BACKGROUND TO THE INVENTION

Scintillation detectors can be used individually to detect radiation in a small volume, but are often used in arrays, for example in X-ray imaging systems. A single detector typically comprises a block of scintillator material with a photodetector arranged to receive light emitted from one side of the scintillator block, and reflective material coating on one or more of the other sides of the block to prevent light escaping and reflect it back towards the photodetector. The reflective coating is generally formed of titanium dioxide particles in a matrix of some sort, which supports the titanium dioxide and helps to adhere it to the surface of the scintillator block. Where an array of detector elements is formed, a glue of some sort, typically epoxy, is also used to hold the scintillator blocks together. However, such detectors and arrays have been found to lose signal output over time when subjected to high levels of radiation, for example when used in real time tomography (RTT) machines, where they can be subjected to several tens of Mrad of radiation.

There is therefore a need for a detector, for x-rays or other radiation, which maintains its performance over long periods under high radiation levels.

SUMMARY OF THE INVENTION

We have shown that the underlying cause of this problem is that the epoxy used to glue arrays together in prior art detectors “ages” considerably under irradiation with x-rays. This has the effect of reducing the reflectance of the detector pixels and this has the consequence that the signal output from the detector/array is a strongly decreasing function of dose.

The aging of epoxy is believed to be for the following reason. The cured epoxy polymer consists in large part of saturated carbon chains, whether these are in side groups or part of the epoxy polymer back-bone. These saturated polymer chains are electrically non-conducting up into optical frequencies and hence the solid epoxy is lossless to light transmission and appears colourless. On exposure to ionising radiation, the carbon backbone loses hydrogen and becomes unsaturated. The resulting double bonds between carbon atoms in the backbone results in electron delocalisation along the carbon chain. In effect the electrons are free to move along the carbon chain in response to an applied electric field (i.e. light). This renders the epoxy a lossy medium for the passage of light and hence absorption occurs.

According to a first aspect of the invention there is provided a radiation detector comprising a block of scintillator material and a coating of reflective material applied to the surface of the scintillator material, wherein the reflective material is a composite material comprising a matrix and particles supported in the matrix, wherein the matrix comprises at least one of: silicone, polyurethane, polyester, acrylic, or glass.

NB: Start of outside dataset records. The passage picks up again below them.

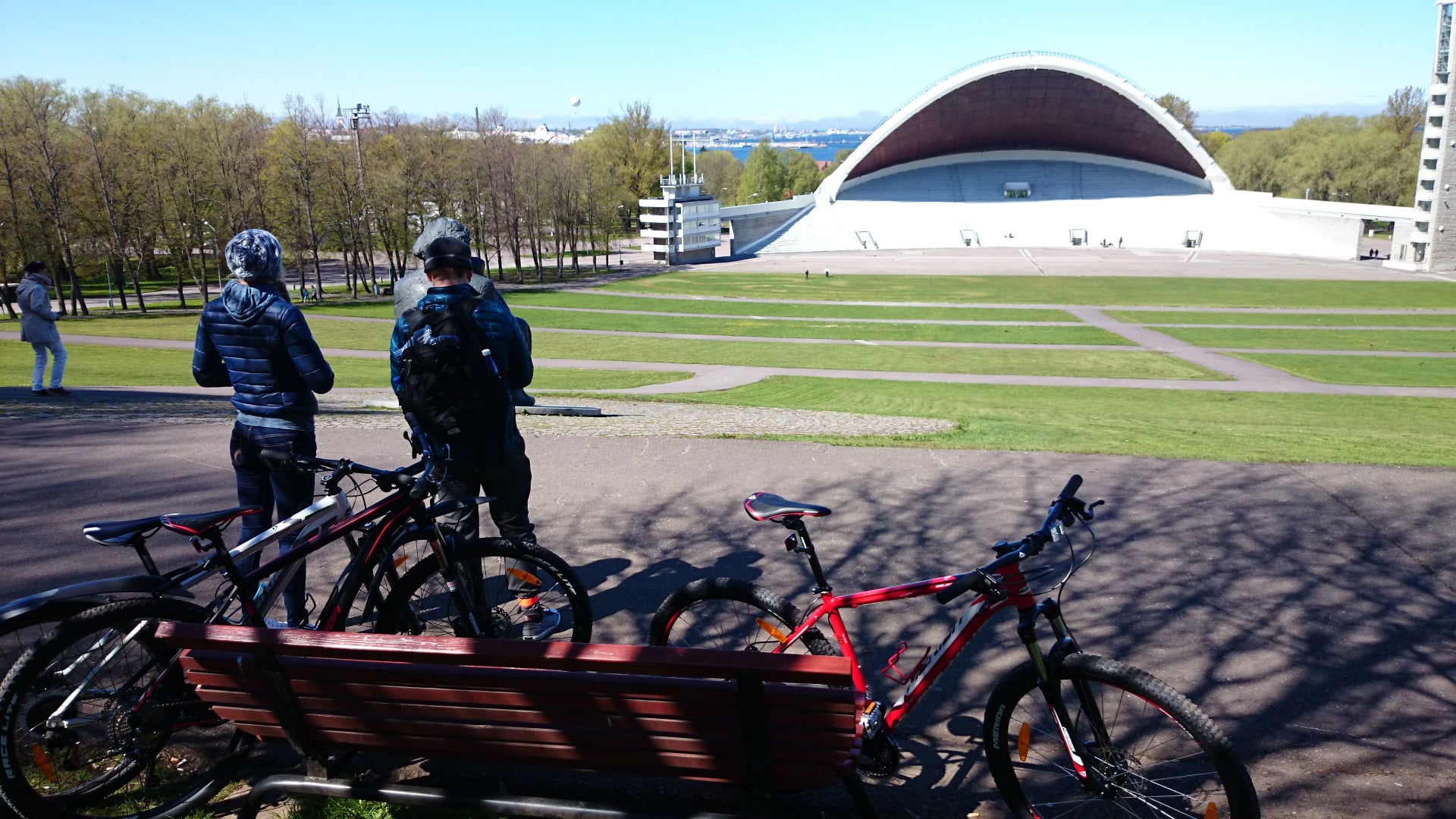 a group of people riding on the back of a bicycle in Tallinn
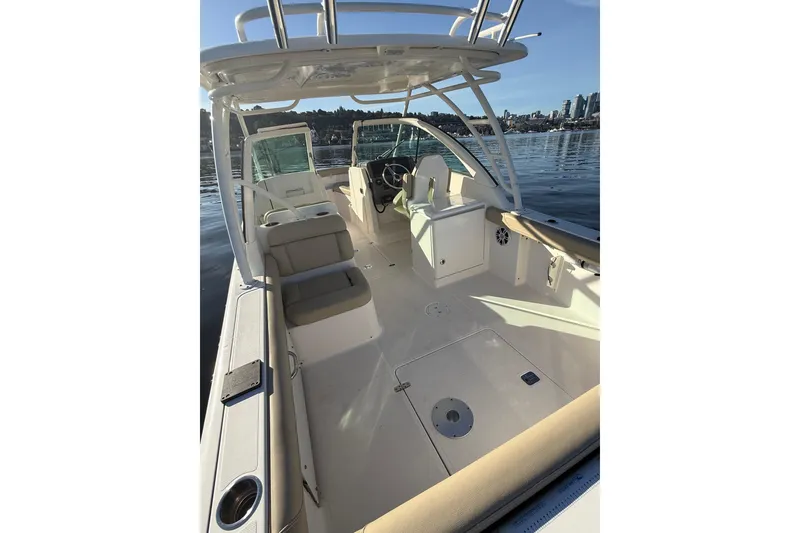 Slide: The Image of 2016 Pursuit DC 265 Dual Console boat interior with seating and helm, on calm water. - 6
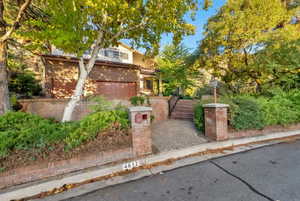 View of front facade with brick siding and driveway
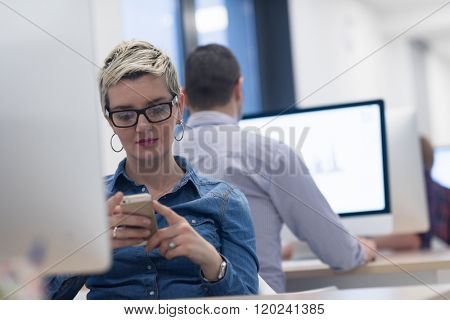 startup business, woman  working on dektop  computer at creative modern office relaxing and have fun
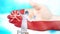 Nurse in medical mask and gloves washes large hand, painted in colors of Oman flag. State care for nation health. Wash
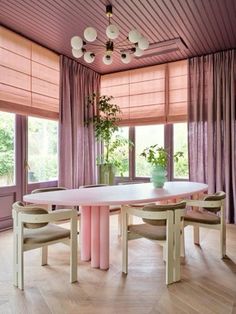 a dining room table and chairs with pink curtains on the window sill behind them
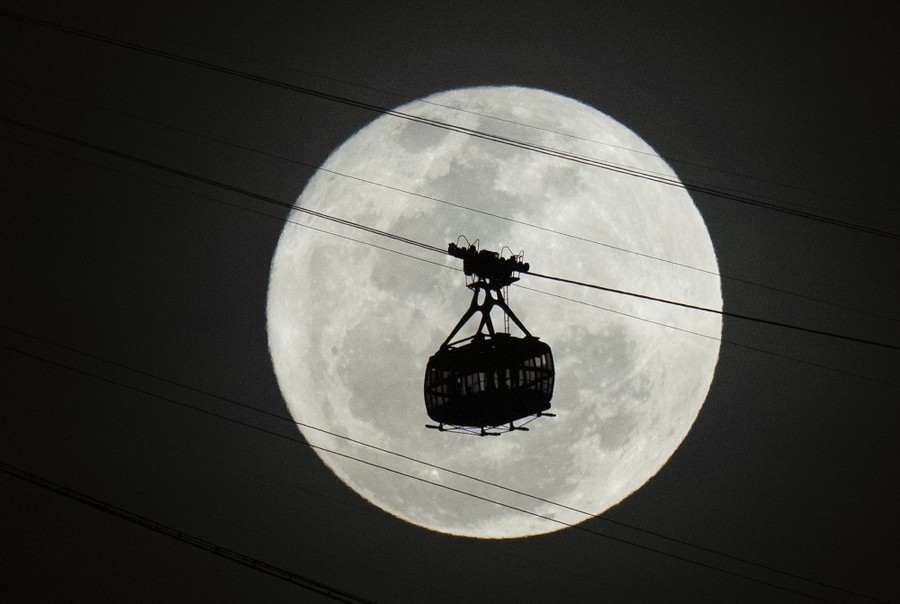 A cable car is seen in silhouette in front of a full moon.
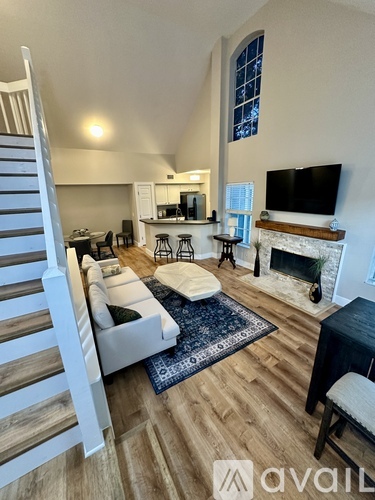 A living room with a fireplace and a television on the wall.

In order to cause sufficient reflection, the particles may have a refractive index (at the wavelength of the scintillation light from scintillator) that is different from, and generally greater than, the refractive index of the matrix material (at that wavelength) by at least 0.7.

The particles may comprise titanium dioxide, diamond, zirconium dioxide, zinc sulphide, barium sulphate or another suitable high refractive index material that is transparent to the scintillated radiation.

The wavelength region of interest will be the wavelength of scintillation of the scintillator used, and will therefore depend on the scintillator used. It may be a visible wavelength.

The particles may have a particle size substantially in the range 200-500 nm.

The fraction by volume of the dispersed component(s) to the matrix component(s) may be 8 to 30%.

The matrix component may comprise a liquid phase material that will solidify under certain circumstances that can be controlled, for example, the application of heat, exposure to UV radiation, mixing with a hardener.

In some circumstances it is not necessary to totally eliminate the epoxy. For example if the proportion of epoxy in the matrix is reduced, then the benefits of using an epoxy can be retained whilst the effects of aged epoxy can be reduced to a level that is acceptable.

Therefore, according to a second aspect of the invention there is provided a radiation detector comprising a block of scintillator material and a coating of reflective material applied to the surface of the scintillator material, wherein the reflective material is a composite material comprising an epoxy matrix, particles supported in the matrix, and a filler material.

In order to cause sufficient reflection, the particles may have a refractive index (at the wavelength of the scintillation from scintillator) that is different from, and generally greater than, the refractive index of the matrix material (at that wavelength) by at least 0.7.

The particles may comprise titanium dioxide, diamond, zirconium dioxide, zinc sulphide, barium sulphate or another suitable high refractive index material that is transparent to the scintillated radiation.

The filler material preferably has a refractive index that is different from the epoxy matrix by no more than 0.2, and preferably no more than 0.1.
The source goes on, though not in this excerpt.